◆ **Task item**: The listing below contains a span that opens with the line containing "Церковь Успения Пресвятой" and closes with the line containing "WOMEN TUFFET SOLID BURMUDA". Return that span exactly.

◆ **Records shown**:
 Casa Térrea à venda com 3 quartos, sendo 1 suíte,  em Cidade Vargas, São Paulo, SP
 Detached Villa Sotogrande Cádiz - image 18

--

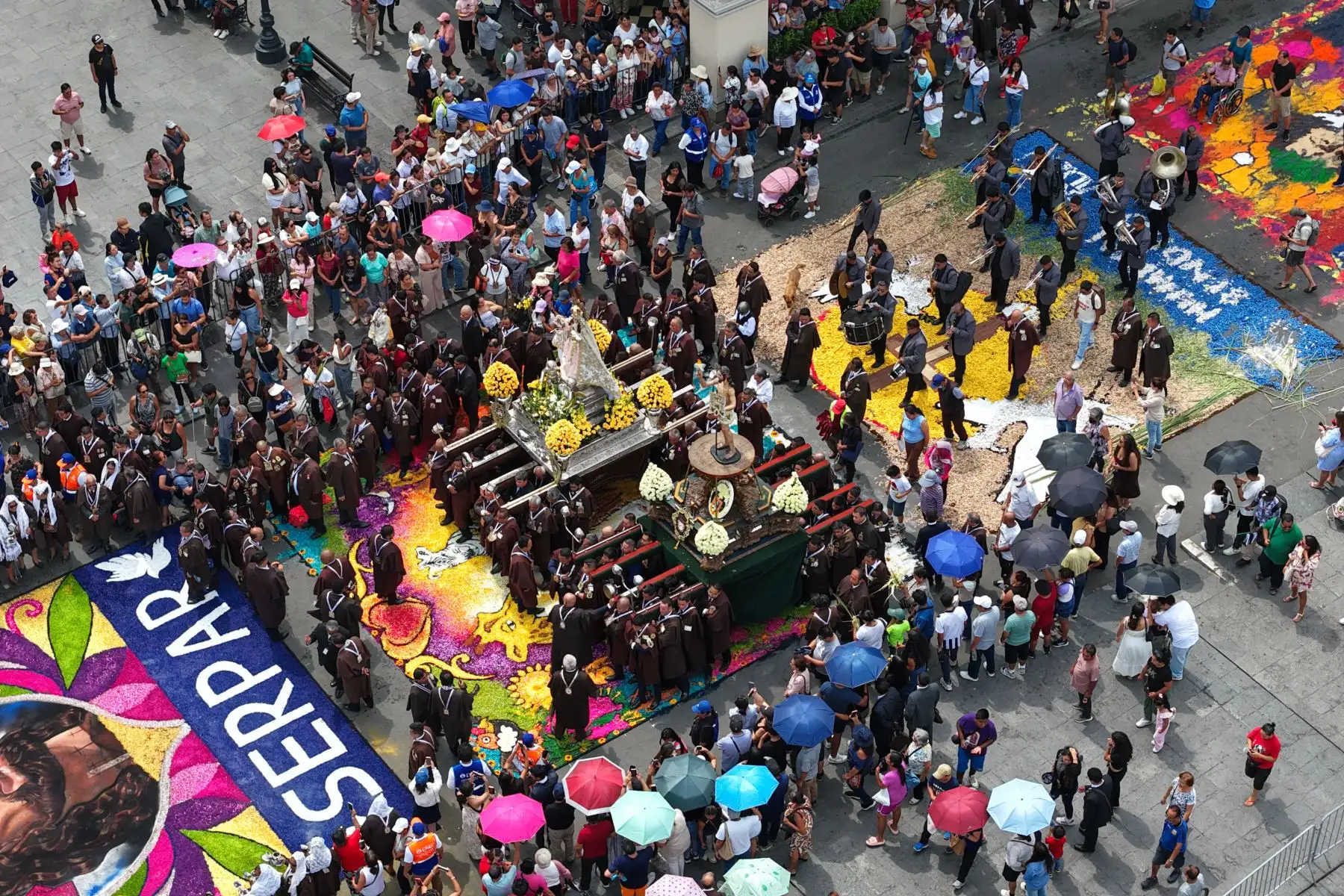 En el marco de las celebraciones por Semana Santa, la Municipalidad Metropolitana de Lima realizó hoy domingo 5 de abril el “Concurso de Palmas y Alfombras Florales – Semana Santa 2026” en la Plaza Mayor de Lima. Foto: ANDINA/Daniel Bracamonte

* * *

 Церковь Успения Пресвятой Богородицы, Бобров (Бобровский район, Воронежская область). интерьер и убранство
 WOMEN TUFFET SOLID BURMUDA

◆ **Reply**:
 Церковь Успения Пресвятой Богородицы, Бобров (Бобровский район, Воронежская область). интерьер и убранство
 WOMEN TUFFET SOLID BURMUDA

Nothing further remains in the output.